An owner’s obligation to commence approach voyage in a voyage charter - whether the obligation is absolute or due diligence - was the subject of a legal case last year.

Capt Siddarth Mahajan of Tipco Maritime analysed this case - CSSA Chartering and Shipping Services SA v Mitsui OSK Lines Ltd (the ‘Pacific Voyager’) (2017) EWHC 2579 (comm).

The background concerned the VLCC ‘Pacific Voyager’, which was chartered on a SHELLVOY 5 for a voyage from Rotterdam to the Far East. The cancellation date under the charterparty was 23.59 on 4th February, 2015.

During an intermediate voyage before beginning this charter, on 12th January, 2015, she suffered water ingress in No 1 starboard ballast tank and developed a seaboard list while transiting the Suez Canal. The cause of the damage was contact with a submerged object connected with dredging operations underway nearby.

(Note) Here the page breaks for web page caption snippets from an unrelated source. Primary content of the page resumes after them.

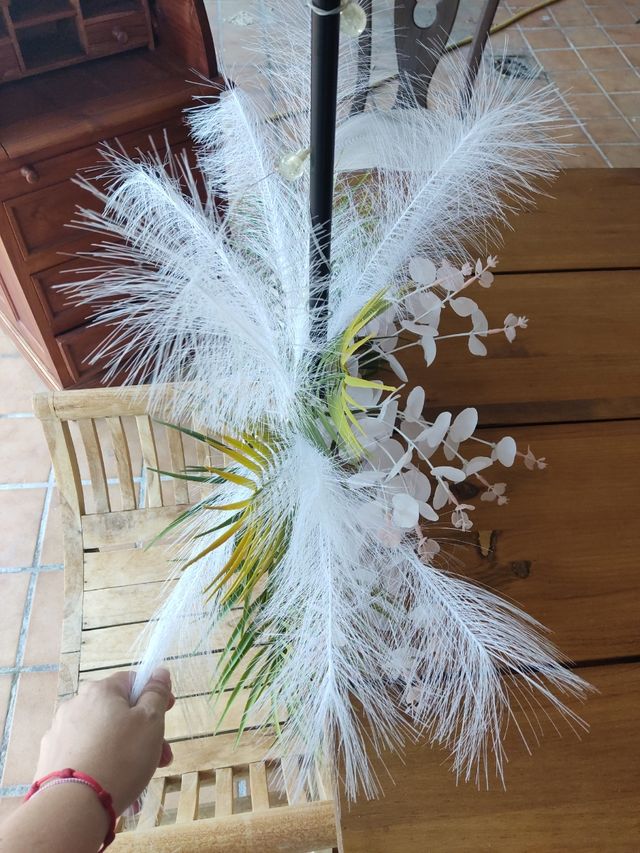 Centro mesa plumas blancas y verdes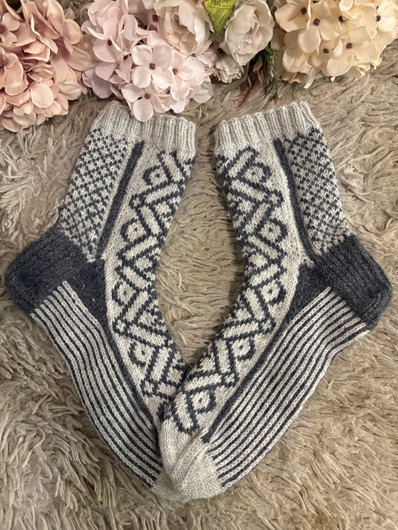 Vaarnapolku -villasukat, neuleohje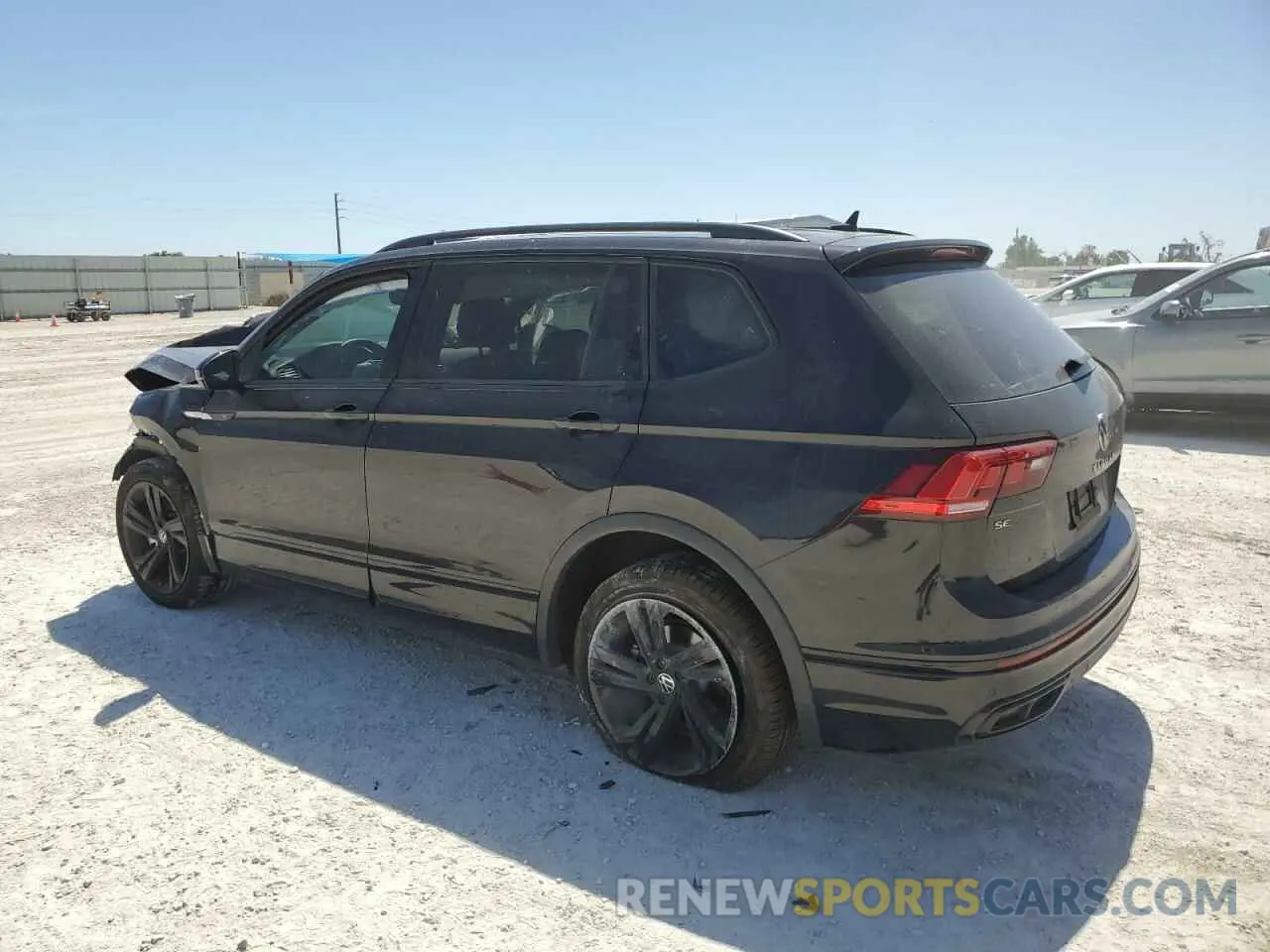 2 Фотография поврежденного автомобиля 3VVCB7AXXRM090412 VOLKSWAGEN TIGUAN 2024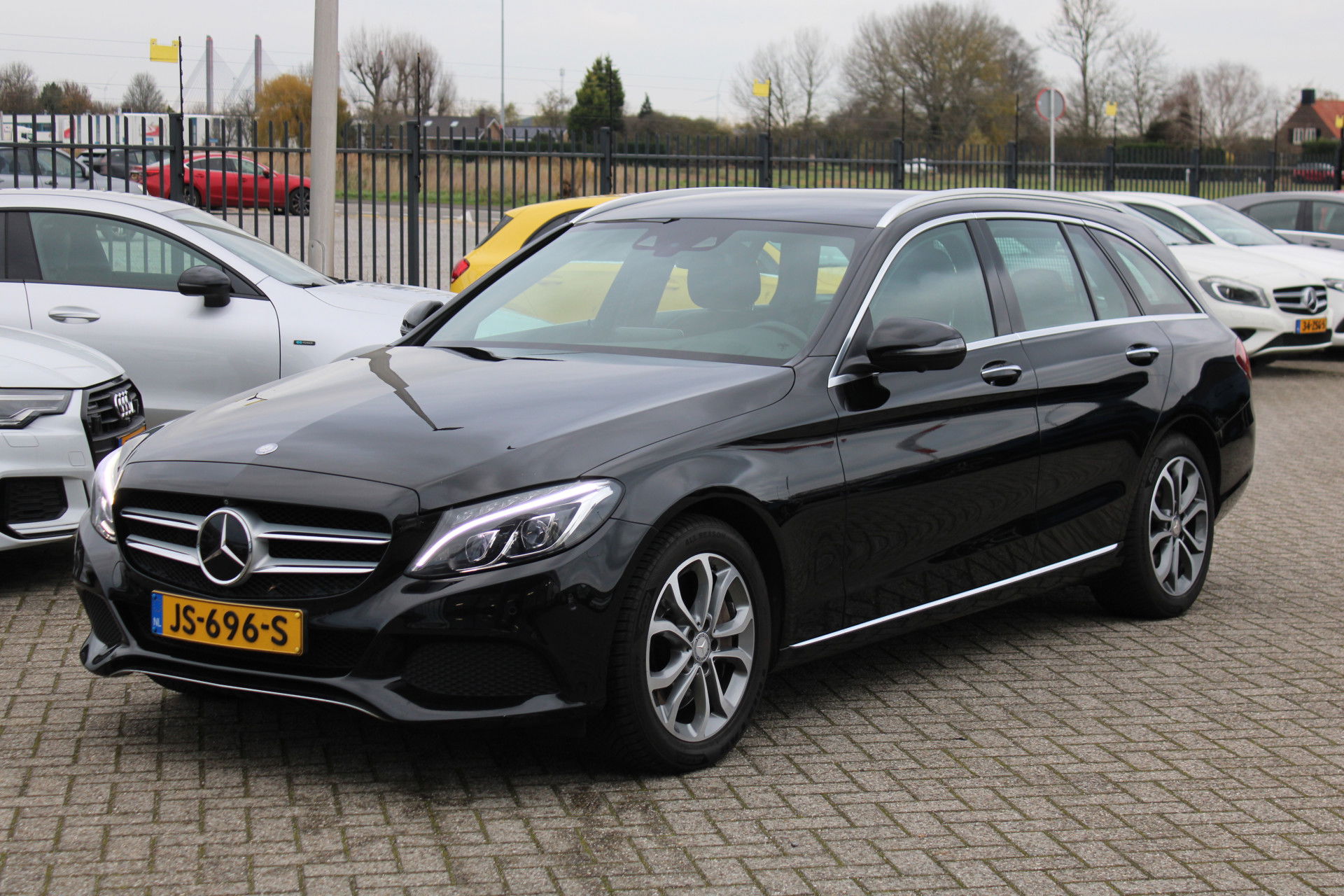 Foto van Mercedes-Benz C-Klasse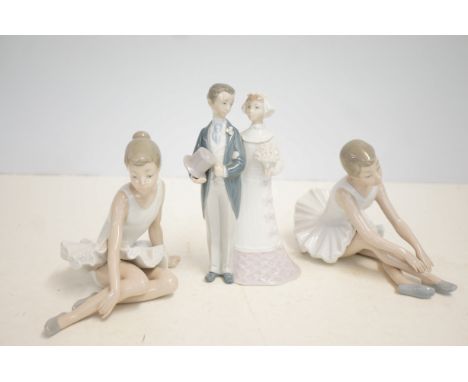 Lladro 4808 'The wedding' together with 2 Nao figures 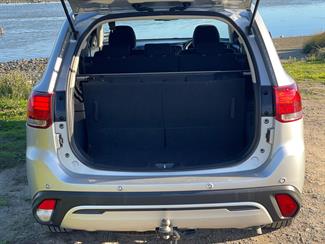 2018 Mitsubishi Outlander - Thumbnail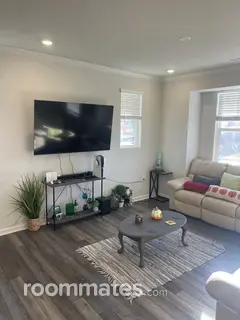 Room for rent in Raleigh, NC $850, townhouse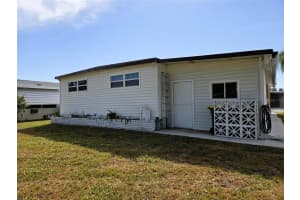 3321 SHINGLE OAK TERRACE, SARASOTA, FL 34237 - MLS#MFRA4670917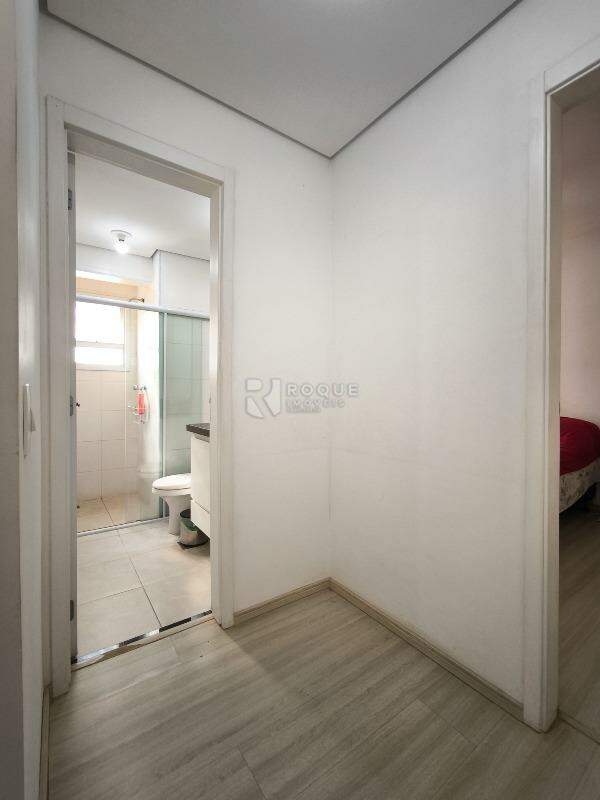 Apartamento à venda no bairro Jardim Santo André: ÁREA DE CIRCULAÇÃO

There was no suggestion that the vessel or owner were at fault or could reasonably have prevented what transpired. Charterers were informed by the owner that the vessel was due to drydock on 8th February, 2015 for repairs and that the repairs would take months. A day later, the charterers exercised their right to terminate the charterparty and then brought a claim of $1.2 mill.

The owners did not give an estimated time of arrival (ETA) at the loading port and no date of expected readiness to load (ERTL) to the charterers. However, the charterparty stipulated a laycan range.

Details of the anticipated timetable for completion of the previous charter were given in the following terms;
‘Position: ETA Ain Sukhna 9th January, 2015 (port of discharge).
ETA Suez Canal 10th January (transit).
ETA Sidi Kerir 12th January (reloading).
ETA Antifer 25th January (discharge) All above BSS IAGW/WP’.

The issue here is that if the charterparty contains only a cancelling date/laycan range but no ETA or ERTL date, are the owners under an absolute obligation to commence the approach voyage or do they only have to exercise due diligence?

Monroe obligation

The English Court of Appeal in Monroe Brothers Ltd v Ryan (1935) 2 KB 28 held that where a charterparty contains an obligation on an owner to proceed with all convenient speed to the loading port and gives a date when the vessel is expected to load, there is an absolute obligation on the owner to commence the approach voyage by a date when it was reasonably certain that the vessel will arrive at the loading port on or around the expected readiness to load date - known as the Monroe obligation.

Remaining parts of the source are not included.